## WORK TO COMPLETE
Only the lines from the one containing "2026年の非エンジニア向けAI導入の現実" through the end of the data below are to be repeated, exactly as given, without pictures.

Segment Open

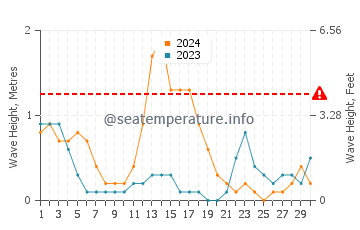 Waves height in Guimbal in September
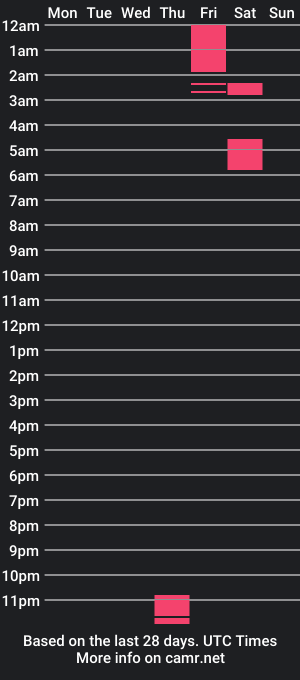 cam show schedule of syrupysw33ts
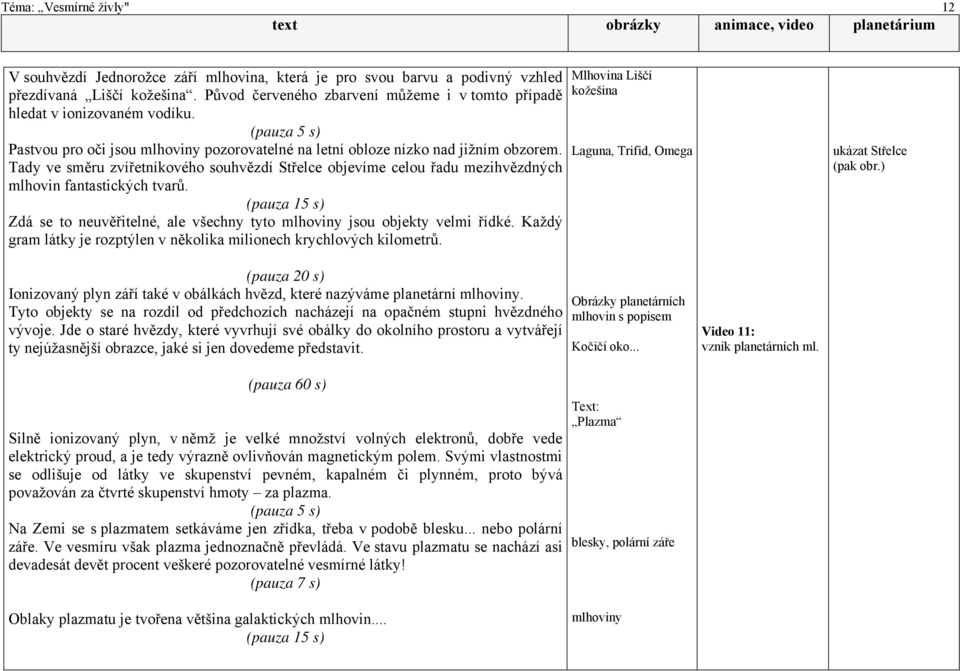 se to neuvěřitelné, ale všechny tyto mlhoviny jsou objekty velmi řídké Každý gram látky je rozptýlen v několika milionech krychlových kilometrů Mlhovina Liščí kožešina Laguna, Trifid, Omega ukázat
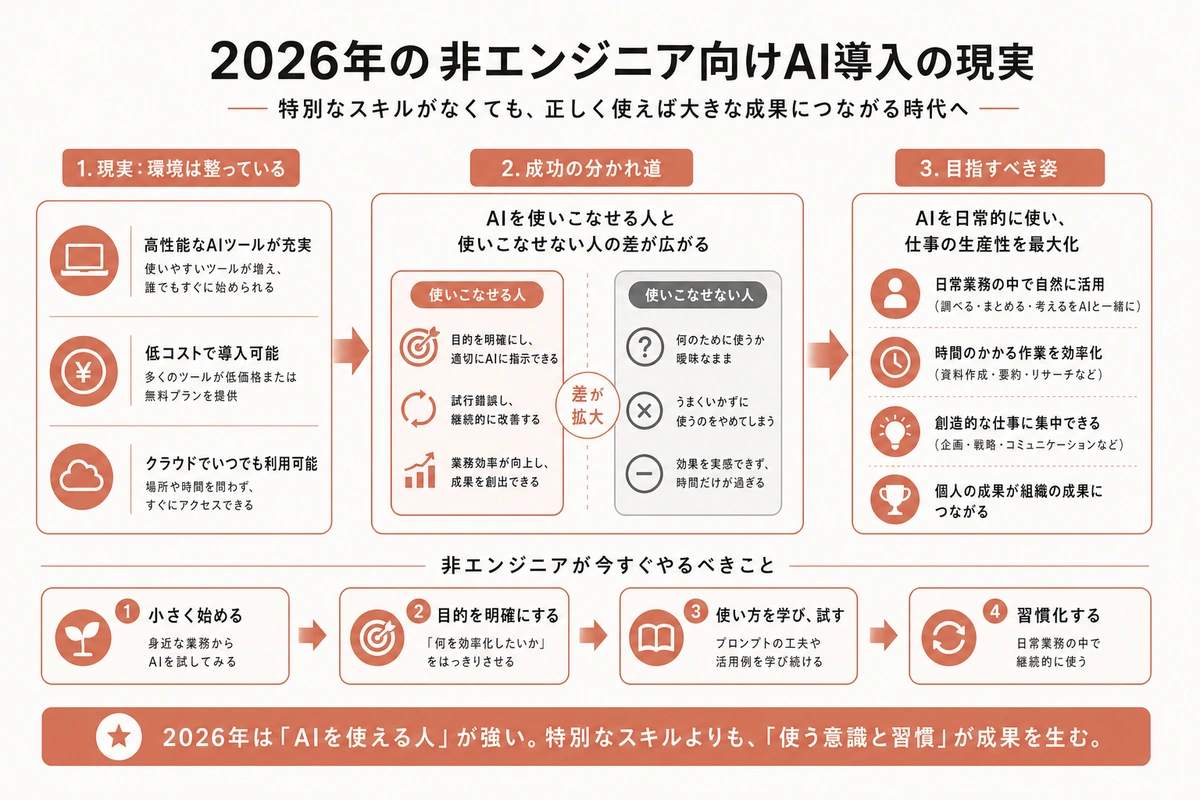 2026年の非エンジニア向けAI導入の現実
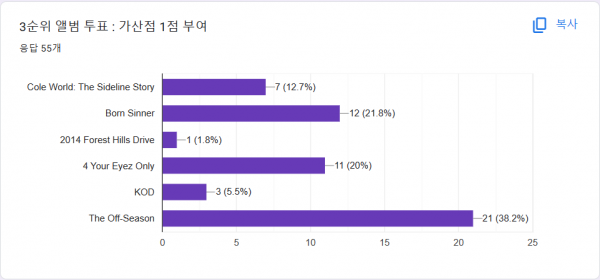화면 캡처 2023-06-15 164137.png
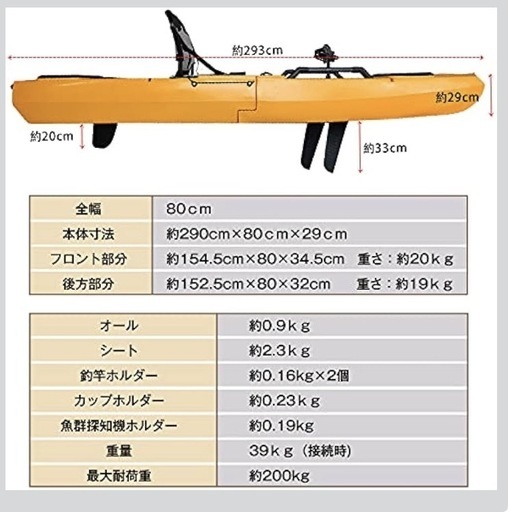 分割カヤック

Segment Closed

## SOLVED EXERCISE
 2026年の非エンジニア向けAI導入の現実
화면 캡처 2023-06-15 164137.png
 分割カヤック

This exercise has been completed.